A while back, Erika Dreifus had recommended John Gardner’s On Moral Fiction, a slim volume dedicated to writing and literary criticism from the POV that an artist has a moral responsibility to their audience, and that art criticism should in part address how well the creator of a work of art has met that responsibility. The book dates from 1978, and it’s amazing how well it (thus far in my reading) stands up over time.
I’m only about three chapters in, and what strikes me most is how similar Gardner’s stance is to that of Rabbi Michel Twerski, the Milwaukee Rebbe. In an interview a few years back, Rav Twerski defined art as a creative process devoted to building people and society, in which there might be some destruction, but only if that destruction is necessary to the ultimate positive end of the project. This is pretty much Gardner’s position.
“The traditional view is that true art is moral: it seeks to improve life, not debase it.”
“…art builds; it never stands pat; it destroys only evil. If art destroys good, mistaking it for evil, then that art is false, an error; it requires denunciation.”
Gardner’s description of the artistic process also made me feel justified in something I told someone about my own process last week. Someone on Soferet (the frum writing/editing/translating forum) asked about fiction writer’s primary goals in writing. They wanted to know if we had a message in mind, if we wanted to entertain, or we wanted to inspire. This was my response:
If we’re talking fiction, my primary goal is usually none of those things.
Usually, there’s a story, buzzing around my head. The story generally has a nugget of truth in it – an idea, a reflection on human behavior, a value – but the set-up of the situation or the psychological make-up of the main character is what really speaks to me. If I don’t let it out, I feel a bit like I’m going nuts. It feels somewhat similar to having a great piece of news (your sister is expecting! your best friend is engaged! you got an acceptance letter from a publisher!) but no one is home
and your spouse (and your best friend and your mom and all your siblings) are not picking up their phones.

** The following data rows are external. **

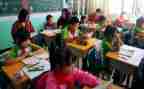 九年级下学期英语教学计划范文8篇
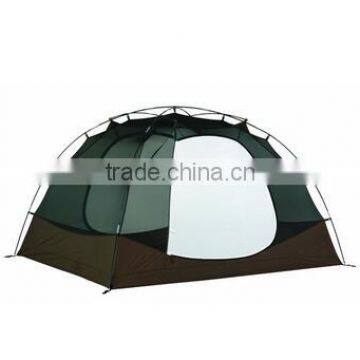 FUJIE Hot sale camping tent for rent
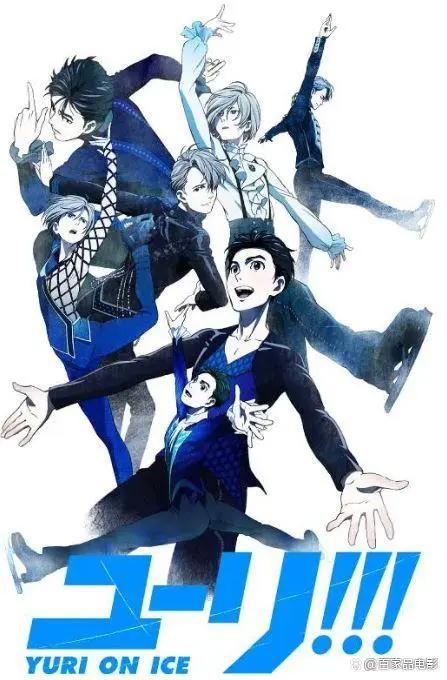 适合初看者的高分短动漫，有你喜欢的吗？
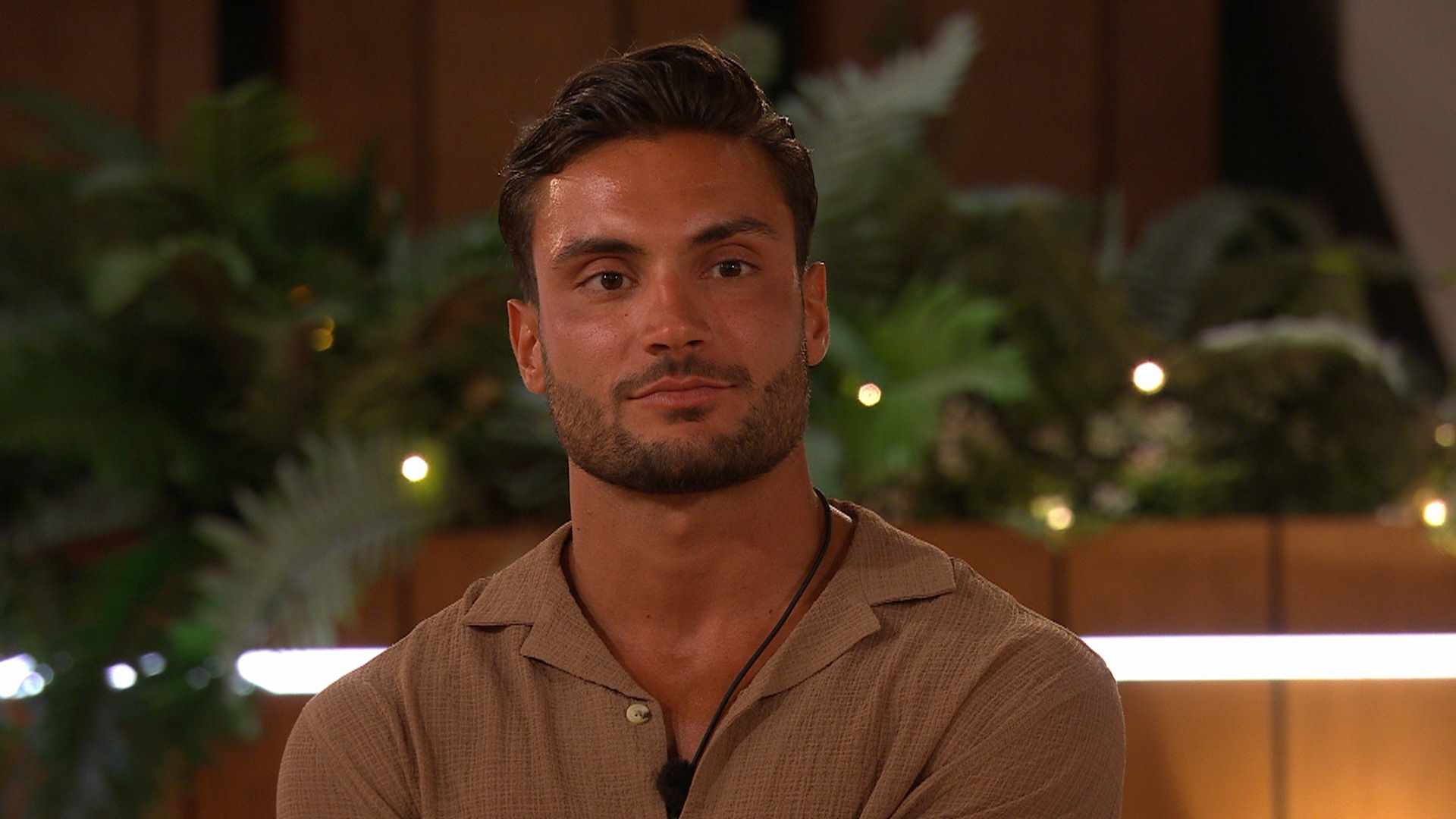 Can you watch Love Island abroad? All you need to know Celeb 99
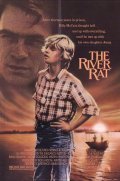 The River Rat movie in Thomas Rickman filmography.
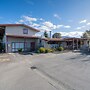 Te Anau Central Backpackers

I guess what I’m saying is that my initial goal while writing fiction isn’t really the message or the entertainment or the inspiration (even though once I’m revising, those become more important than they start out) but the desire to get whatever is in my head into other people’s heads. It’s a desire to communicate.
I got some emails after that which pretty much endorsed my approach, but a couple of colleagues seemed concerned that my attention to messages and so on came only after my goal to tell a story from my heart.
Gardner insists that the world doesn’t need simple, cliche morality. People will rebel, he says, if we present obvious, heavy-handed, judgemental, 2-dimensional messages in the guise of literature. Here’s what he proposes “instead of teaching by authority and force, it explores, open-mindedly, to learn what it should teach.” He proposes we test values like we’d test a hypothesis.
“Art gropes,” he insists. “It talks like a hunter lost in the woods, listening to itself and to everything it, unsure of itself, waiting to pounce.” A few pages later, he adds,
“Art is as original and important as it is precisely because it does NOT start out with a clear knowledge of what it means to say.”
It is in the revision process, says Gardner, wherein messages, psychological insists, and so on become clear.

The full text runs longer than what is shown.